Dalam acara televisi tersebut dibuktikan bagaimana karyawan yang bekerja di kantor tipe terbuka mengalami serangkaian gangguan/distraksi yang memecah konsentrasi. Presenter yang juga kritikus arsitektur Tom Dyckhoff menjalani sebuah tes dengan cara menggunakan topi khusus yang mengukur gelombang otak ketika ia bekerja di kantor tipe terbuka.

Kantor tipe open plan diperkenalkan pertama kalinya pada era 1950-an dan telah berkembang menjadi gaya perkantoran yang populer. Kantor ini didesain dengan harapan karyawan bisa bergerak dan berinteraksi secara bebas sehingga menjadi lebih kreatif dalam berpikir dan memecahkan masalah.

“Tetapi, buktinya tidak seperti itu. Jika Anda sedang bekerja dan mendengar suara telepon di belakang, hal itu membuat konsentrasi Anda buyar. Meski Anda tidak sadar pada saat itu, tetapi otak tetap memberikan respons terhadap distraksi,” ungkap Dr Jack Lewis, ahli saraf yang menggagas tes tersebut.

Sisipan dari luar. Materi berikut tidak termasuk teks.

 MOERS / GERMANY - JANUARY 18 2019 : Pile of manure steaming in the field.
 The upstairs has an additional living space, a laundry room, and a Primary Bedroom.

Kantor-kantor bergaya modern, yang tidak mengizinkan dekorasi barang pribadi atau adanya tembok atau meja-meja, justru tidak membantu karyawan.

Dr Craig Knight, psikolog dari Exeter University, mengatakan, kebebasan yang diberikan kepada karyawan untuk mendekorasi atau merancang ruangannya secara pribadi dapat meningkatkan kinerjanya di kantor.


Perusahaan-perusahaan menyukai usulan memberikan ruang kecil untuk karyawan bekerja dan semuanya seragam tanpa adanya embel-embel yang tidak perlu. 

“Namun, dalam percobaan yang kami lakukan, para karyawan memberi respons yang lebih baik pada ruang yang telah ditambahkan dengan gambar-gambar dan tanaman.

Jika mereka diberi kebebasan untuk mendekorasi ruangannya dengan barang mereka sendiri, itu akan meningkatkan kesejahteraan mereka hingga 32 persen dan produktivitas hingga 15 persen,” terang Knight.Hal ini, lanjutnya, disebabkan karena mereka dapat melebur dengan lingkungan sekitarnya, merasa lebih nyaman, dan lebih berkonsentrasi.


 
Untuk menjaga kondisi tubuh tetap sehat dikantor karyawan dapat melakukan olah raga ringan dikantor, untuk mengendurkan otot-otot yang kencang didaerah leher, tengkuk dan punggung atas, olah raga yang singat dan ringan dapat sangat membantu karyawan untuk kembali pada pekerjaan dengan konsentrasi yang lebih baik sehingga kualitas pekerjaanpun tetap terjaga.